US oil supply still slow to catch up
Oil prices heading even higher?
Chart of the Day
One of the big events lately has been the further rise in oil prices, with the US grade WTI now above $75. Despite higher prices, the US rig count has been extremely slow to catch up - and the pace of recovery has slowed lately. This seems to be because, faced with the damage to their income when oil prices plunged last year and continued uncertainty about whether Covid restrictions might come back, oil producers are prioritizing cleaning up their balance sheets. This could be a sign that oil prices will head higher still, although that will depend on whether OPEC soon agrees to a new production schedule or not.
UK GDP rose by 0.7% MoM in May, which left GDP 24.5% higher than a year earlier but still below the pre-Covid rate.
Canada released jobs numbers on Friday, showing the labor market recovery has been choppier than in the US but faster nonetheless.
A look abroad shows that high inflation is still mainly a US development - in Norway core inflation has fallen sharply lately.
Traders increased their net short in 30-year bonds again last week, a sign that the fall in yields is close to a trough perhaps?

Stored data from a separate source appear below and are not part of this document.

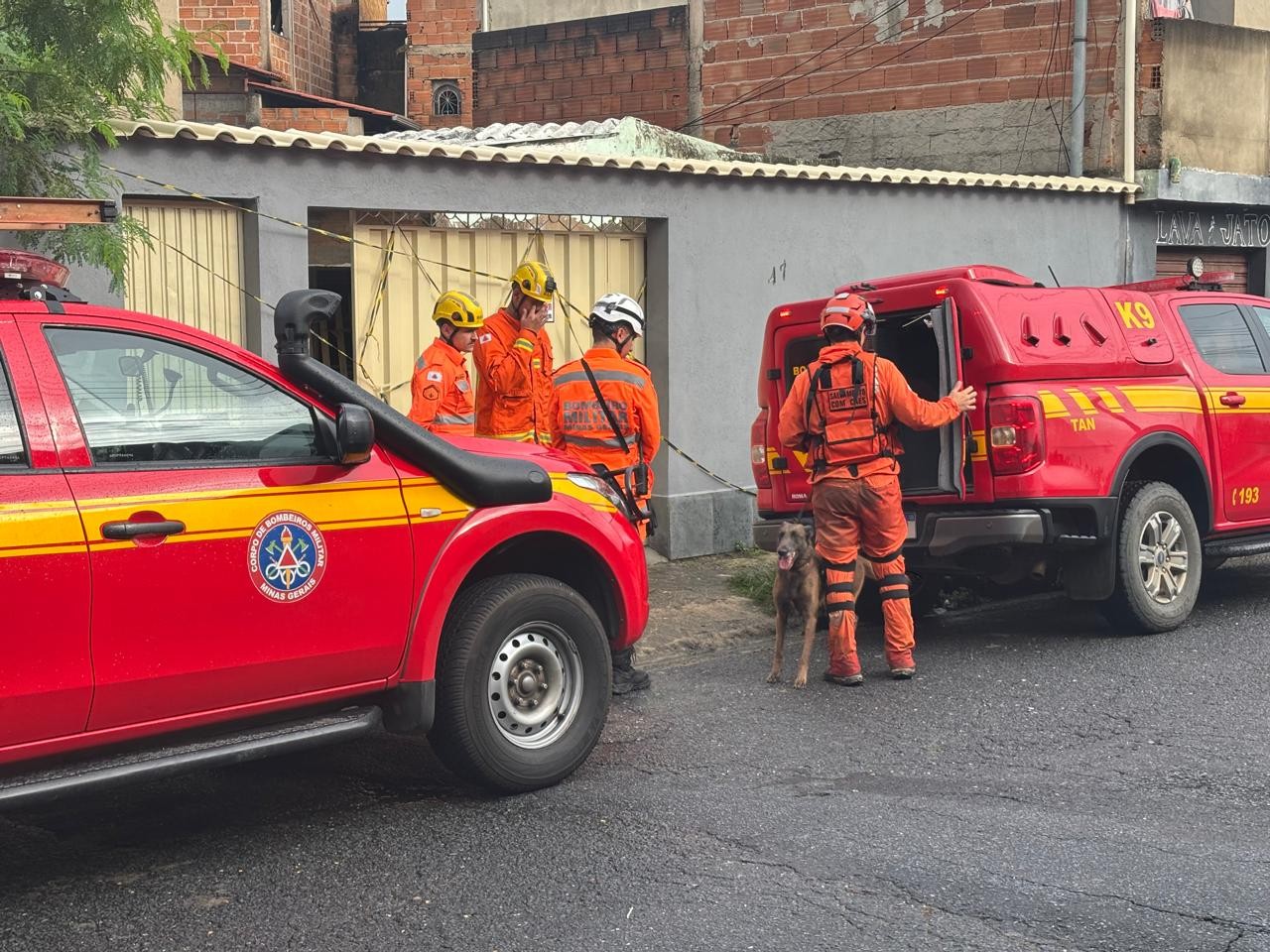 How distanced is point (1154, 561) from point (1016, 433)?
136 centimetres

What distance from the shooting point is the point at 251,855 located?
5.14 m

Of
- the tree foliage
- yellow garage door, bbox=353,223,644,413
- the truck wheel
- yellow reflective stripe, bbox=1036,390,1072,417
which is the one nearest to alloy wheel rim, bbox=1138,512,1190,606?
yellow reflective stripe, bbox=1036,390,1072,417

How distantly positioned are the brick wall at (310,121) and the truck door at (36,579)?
1434 cm

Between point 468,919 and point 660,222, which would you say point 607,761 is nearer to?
point 468,919

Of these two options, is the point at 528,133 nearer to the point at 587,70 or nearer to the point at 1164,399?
the point at 587,70

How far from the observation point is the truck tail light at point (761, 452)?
9047 millimetres

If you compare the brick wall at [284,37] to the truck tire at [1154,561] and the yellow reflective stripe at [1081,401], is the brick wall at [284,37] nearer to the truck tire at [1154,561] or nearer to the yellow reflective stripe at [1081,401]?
the yellow reflective stripe at [1081,401]

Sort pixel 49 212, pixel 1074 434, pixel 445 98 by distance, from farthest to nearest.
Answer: pixel 445 98
pixel 1074 434
pixel 49 212

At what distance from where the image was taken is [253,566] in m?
4.89

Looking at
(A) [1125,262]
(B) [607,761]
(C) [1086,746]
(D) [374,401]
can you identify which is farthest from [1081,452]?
(A) [1125,262]

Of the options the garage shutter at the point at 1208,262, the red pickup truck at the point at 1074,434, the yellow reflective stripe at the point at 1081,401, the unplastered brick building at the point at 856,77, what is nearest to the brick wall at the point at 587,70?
the unplastered brick building at the point at 856,77

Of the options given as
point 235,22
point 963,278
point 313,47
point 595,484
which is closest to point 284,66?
point 235,22

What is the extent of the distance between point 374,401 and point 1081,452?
4.17m

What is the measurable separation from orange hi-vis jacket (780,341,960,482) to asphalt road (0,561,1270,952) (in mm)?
1135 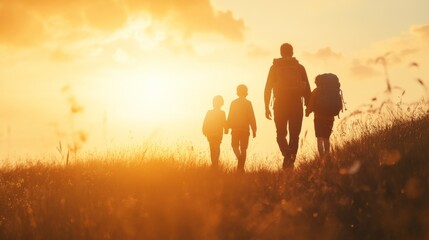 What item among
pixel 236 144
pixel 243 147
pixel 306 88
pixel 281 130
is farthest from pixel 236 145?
pixel 306 88

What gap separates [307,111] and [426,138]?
2.74 metres

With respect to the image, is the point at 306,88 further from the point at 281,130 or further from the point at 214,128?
the point at 214,128

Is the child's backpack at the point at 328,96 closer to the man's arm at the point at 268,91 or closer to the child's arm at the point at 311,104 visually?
the child's arm at the point at 311,104

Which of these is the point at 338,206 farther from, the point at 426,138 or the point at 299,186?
the point at 426,138

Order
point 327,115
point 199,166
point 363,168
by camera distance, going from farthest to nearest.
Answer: point 199,166
point 327,115
point 363,168

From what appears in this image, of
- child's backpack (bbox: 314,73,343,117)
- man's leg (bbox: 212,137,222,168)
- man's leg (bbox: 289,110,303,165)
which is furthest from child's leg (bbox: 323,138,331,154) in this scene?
man's leg (bbox: 212,137,222,168)

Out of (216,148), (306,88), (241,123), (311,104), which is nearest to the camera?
(306,88)

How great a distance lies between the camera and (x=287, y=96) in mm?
10258

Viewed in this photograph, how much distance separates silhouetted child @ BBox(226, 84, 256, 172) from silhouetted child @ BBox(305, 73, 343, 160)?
166 cm

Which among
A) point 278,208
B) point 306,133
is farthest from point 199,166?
point 278,208

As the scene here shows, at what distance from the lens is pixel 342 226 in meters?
6.14

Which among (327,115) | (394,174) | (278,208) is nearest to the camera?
(278,208)

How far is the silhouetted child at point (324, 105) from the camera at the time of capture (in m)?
10.6

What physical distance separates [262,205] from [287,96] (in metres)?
3.74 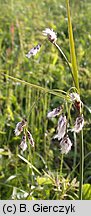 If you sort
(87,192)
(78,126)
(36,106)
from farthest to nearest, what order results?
(36,106) → (87,192) → (78,126)

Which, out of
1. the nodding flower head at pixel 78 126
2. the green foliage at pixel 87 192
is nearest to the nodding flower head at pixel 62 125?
the nodding flower head at pixel 78 126

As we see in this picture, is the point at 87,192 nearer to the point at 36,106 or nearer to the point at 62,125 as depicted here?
the point at 62,125

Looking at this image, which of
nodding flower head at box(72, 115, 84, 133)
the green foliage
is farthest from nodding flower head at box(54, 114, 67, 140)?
the green foliage

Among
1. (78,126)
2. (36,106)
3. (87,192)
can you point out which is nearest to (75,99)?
(78,126)

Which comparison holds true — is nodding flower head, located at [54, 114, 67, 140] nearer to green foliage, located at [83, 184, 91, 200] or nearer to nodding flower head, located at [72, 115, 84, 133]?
nodding flower head, located at [72, 115, 84, 133]

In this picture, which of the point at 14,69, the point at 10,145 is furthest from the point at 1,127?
the point at 14,69

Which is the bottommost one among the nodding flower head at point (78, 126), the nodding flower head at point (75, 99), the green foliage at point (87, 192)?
the nodding flower head at point (78, 126)

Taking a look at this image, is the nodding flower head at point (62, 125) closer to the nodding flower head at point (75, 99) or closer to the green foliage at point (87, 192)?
the nodding flower head at point (75, 99)

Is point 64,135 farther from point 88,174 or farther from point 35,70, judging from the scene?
point 35,70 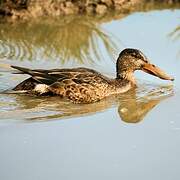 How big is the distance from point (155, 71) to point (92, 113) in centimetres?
142

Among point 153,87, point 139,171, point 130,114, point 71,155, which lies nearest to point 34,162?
point 71,155

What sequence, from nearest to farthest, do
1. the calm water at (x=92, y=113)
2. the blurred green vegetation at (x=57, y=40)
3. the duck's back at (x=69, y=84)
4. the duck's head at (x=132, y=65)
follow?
the calm water at (x=92, y=113), the duck's back at (x=69, y=84), the duck's head at (x=132, y=65), the blurred green vegetation at (x=57, y=40)

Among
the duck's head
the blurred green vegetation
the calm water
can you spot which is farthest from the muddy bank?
the duck's head

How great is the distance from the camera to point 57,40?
10141 millimetres

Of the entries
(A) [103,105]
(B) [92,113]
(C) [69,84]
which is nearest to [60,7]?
(C) [69,84]

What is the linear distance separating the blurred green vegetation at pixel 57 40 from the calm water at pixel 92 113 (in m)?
0.01

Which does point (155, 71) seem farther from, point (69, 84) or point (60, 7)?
point (60, 7)

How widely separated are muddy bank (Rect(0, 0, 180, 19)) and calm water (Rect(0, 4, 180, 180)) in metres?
0.48

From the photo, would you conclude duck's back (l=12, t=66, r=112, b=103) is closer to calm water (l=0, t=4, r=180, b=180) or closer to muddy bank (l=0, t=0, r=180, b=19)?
calm water (l=0, t=4, r=180, b=180)

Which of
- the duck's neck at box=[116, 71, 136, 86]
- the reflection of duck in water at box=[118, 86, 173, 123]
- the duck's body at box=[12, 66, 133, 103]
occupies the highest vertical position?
the duck's body at box=[12, 66, 133, 103]

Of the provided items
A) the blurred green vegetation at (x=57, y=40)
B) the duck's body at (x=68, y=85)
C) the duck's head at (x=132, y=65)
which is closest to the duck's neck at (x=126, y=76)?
the duck's head at (x=132, y=65)

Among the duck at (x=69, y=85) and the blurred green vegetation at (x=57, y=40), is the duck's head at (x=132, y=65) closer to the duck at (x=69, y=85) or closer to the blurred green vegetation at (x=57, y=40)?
the duck at (x=69, y=85)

Traders still have a near neutral position in the USD.
The US equity indices have been outperforming lately again.
That’s thanks to very strong gains in growth stocks.
Tech stocks are no longer being driven only by lower real interest rates.
The ratio of the Russell 2000 of small-cap shares to the Nasdaq remains much weaker than before the pandemic and seems to pour cold water on the idea that a new approach to fiscal policy will help distribute income and wealth, benefitting smaller firms at the expense of larger ones, which was the theme following the US election.